ASSIGNED TASK: Please write out only the lines from the line with "Garden Tool Tote" to the line with "KARL LAGERFELD |", inclusive, exactly as they stand below, without the pictures.

STORED DATA:
::::::

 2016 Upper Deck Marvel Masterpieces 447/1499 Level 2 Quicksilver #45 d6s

::::::

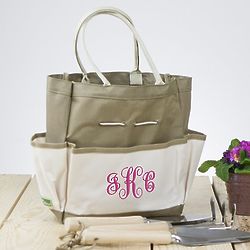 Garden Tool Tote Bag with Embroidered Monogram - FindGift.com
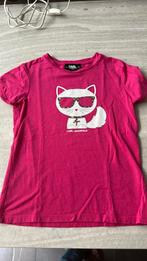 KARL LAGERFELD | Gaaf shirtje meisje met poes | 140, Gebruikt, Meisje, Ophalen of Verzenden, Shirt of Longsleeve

::::::

RESULT FOR THIS TASK:
 Garden Tool Tote Bag with Embroidered Monogram - FindGift.com
 KARL LAGERFELD | Gaaf shirtje meisje met poes | 140, Gebruikt, Meisje, Ophalen of Verzenden, Shirt of Longsleeve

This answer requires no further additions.